Friday, July 20, 2018

World Notes: Rosie M. Banks


In the first version of A Year and a Day, it’s revealed that Emily is a fan of Rosie M. Banks’ books.

So who is Rosie M. Banks? Is she a real author? Well… yes and no.

Rosie M. Banks was originally a character created by P. G. Wodehouse. She’s a romantic novelist whose name first pops up in ’Jeeves Exerts the Old Cerebellum’ and ‘No Wedding Bells for Bingo’. Bertie’s friend, Bingo Little, has fallen for a waitress named Mabel. Bingo knows his father won’t approve of the match since the woman in question is not of the same social standing as Bingo’s family. Jeeves advises Bingo to read Miss Banks’ novels to Bingo's father, claiming that her stories where “marriage with young persons of an inferior social status was held up as both feasible and admirable” will change the elder Mr. Little’s views. Unfortunately for Bingo it works too well. Bingo’s father marries a cook, making him unwilling to increase Bingo’s allowance - an increase Bingo needs in order to marry Mabel.

A few stories later Bingo meets another waitress and marries her. This second waitress turns out to be Rosie M. Banks working incognito to gather material for her latest book.

Bertie calls Rosie’s work, “the most pronounced and widely-read tripe on the market.” When Madeline Bassett gives him a complete synopsis of Mervyn Keene, Clubman in The Mating Season, Bertie says he’s left feeling, “a bit stunned. I had always known in a vague, general way that Mrs Bingo wrote the world’s worse tripe – Bingo generally changes the subject nervously if anyone mentions the little woman’s output – but I had never supposed her capable of bilge like this.”

Wodehouse liked to poke fun at other authors as well as various tropes in his work.

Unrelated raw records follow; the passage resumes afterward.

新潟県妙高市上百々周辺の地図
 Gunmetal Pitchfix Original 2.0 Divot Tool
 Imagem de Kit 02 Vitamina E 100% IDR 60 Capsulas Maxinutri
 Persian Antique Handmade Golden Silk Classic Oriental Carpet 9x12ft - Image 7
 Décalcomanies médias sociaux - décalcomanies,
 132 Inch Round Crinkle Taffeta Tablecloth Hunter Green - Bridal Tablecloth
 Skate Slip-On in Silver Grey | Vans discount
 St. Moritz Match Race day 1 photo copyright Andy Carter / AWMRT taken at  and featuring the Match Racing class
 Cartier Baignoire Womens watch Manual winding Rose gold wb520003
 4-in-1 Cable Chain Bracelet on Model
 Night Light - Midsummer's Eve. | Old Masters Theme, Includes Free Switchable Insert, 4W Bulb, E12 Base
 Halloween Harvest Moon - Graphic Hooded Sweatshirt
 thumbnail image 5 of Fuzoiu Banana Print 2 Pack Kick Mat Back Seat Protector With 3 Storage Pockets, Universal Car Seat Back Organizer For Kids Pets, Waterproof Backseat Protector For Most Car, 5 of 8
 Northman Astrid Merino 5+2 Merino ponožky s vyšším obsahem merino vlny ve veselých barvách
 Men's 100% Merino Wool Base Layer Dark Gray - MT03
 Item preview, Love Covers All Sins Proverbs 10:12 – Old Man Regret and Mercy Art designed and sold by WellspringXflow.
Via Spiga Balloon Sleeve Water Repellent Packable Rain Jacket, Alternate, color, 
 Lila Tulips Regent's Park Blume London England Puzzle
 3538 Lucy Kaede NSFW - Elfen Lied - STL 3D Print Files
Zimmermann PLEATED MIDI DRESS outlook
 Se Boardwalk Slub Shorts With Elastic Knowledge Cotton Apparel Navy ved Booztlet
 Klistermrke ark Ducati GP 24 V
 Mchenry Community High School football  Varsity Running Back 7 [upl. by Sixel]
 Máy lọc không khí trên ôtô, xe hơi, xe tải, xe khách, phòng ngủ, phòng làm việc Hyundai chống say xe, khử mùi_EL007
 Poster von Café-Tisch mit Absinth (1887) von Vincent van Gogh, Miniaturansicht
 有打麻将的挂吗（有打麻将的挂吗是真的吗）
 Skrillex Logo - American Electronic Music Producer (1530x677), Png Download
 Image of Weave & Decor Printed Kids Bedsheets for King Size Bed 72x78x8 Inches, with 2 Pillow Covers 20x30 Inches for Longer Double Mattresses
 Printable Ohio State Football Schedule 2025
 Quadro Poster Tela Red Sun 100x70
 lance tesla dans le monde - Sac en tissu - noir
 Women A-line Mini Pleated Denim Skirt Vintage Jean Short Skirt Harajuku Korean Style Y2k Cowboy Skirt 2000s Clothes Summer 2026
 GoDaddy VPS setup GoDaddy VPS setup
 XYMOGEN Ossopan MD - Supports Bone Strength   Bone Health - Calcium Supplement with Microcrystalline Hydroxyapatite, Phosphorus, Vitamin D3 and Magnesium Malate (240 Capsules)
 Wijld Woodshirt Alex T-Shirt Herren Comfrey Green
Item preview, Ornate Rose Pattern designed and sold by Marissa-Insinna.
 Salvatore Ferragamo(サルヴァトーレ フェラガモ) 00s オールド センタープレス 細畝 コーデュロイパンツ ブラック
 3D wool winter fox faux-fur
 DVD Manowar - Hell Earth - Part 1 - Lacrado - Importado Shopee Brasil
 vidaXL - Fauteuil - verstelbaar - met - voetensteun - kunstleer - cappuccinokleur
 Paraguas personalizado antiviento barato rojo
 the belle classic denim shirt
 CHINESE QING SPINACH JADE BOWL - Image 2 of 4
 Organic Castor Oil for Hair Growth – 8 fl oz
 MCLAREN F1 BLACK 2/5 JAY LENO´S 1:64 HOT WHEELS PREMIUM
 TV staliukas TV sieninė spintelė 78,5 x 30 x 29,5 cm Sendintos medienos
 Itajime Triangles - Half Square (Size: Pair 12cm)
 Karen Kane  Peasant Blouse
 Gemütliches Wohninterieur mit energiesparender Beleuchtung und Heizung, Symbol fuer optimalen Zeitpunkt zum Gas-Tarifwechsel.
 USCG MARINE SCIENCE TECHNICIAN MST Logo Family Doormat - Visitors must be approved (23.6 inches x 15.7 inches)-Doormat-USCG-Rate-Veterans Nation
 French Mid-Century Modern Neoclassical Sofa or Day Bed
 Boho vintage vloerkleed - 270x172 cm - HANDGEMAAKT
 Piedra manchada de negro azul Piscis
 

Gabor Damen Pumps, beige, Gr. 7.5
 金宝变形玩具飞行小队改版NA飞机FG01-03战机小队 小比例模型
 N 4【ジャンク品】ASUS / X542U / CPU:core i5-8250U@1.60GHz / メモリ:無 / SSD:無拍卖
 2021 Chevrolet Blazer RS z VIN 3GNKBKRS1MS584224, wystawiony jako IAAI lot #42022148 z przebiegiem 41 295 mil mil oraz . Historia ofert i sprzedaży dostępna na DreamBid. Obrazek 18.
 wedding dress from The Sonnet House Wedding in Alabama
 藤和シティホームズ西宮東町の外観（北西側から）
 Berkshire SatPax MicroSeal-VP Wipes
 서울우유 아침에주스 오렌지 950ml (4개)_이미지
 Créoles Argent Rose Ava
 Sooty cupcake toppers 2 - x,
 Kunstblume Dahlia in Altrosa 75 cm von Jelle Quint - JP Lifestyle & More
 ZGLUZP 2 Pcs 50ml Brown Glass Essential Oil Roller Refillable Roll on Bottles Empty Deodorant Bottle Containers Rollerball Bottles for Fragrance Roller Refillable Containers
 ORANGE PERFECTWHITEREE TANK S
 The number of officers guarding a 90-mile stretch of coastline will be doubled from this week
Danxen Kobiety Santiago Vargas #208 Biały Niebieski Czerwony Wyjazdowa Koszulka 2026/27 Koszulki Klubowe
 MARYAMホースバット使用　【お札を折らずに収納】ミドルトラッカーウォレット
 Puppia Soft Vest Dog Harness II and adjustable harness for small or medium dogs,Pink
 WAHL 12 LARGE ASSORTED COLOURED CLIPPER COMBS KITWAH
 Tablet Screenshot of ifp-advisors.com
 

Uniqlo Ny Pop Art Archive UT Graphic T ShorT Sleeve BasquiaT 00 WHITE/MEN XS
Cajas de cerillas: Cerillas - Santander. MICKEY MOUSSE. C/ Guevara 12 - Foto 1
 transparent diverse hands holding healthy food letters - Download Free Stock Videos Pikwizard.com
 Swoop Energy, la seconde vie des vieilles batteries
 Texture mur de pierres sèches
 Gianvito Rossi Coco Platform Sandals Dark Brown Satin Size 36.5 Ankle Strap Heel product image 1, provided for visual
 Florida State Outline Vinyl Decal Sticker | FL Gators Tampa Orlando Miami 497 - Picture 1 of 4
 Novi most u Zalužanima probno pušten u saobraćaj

It’s believed that the prolific romance novelists Ethel M. Dell and Ruby M. Ayres were the basis for Wodehouse’s Rosie M. Banks character.

In the 1960s a series of novels was published under the pseudonym - with Wodehouse’s permission - of Rosie M. Banks. One of those was Settlement Nurse below.


I have actually read Settlement Nurse and found it light, fluffy reading. Not bad, and nowhere near as soppy as the Rosie M. Banks of Wodehouse’s creation is meant to be.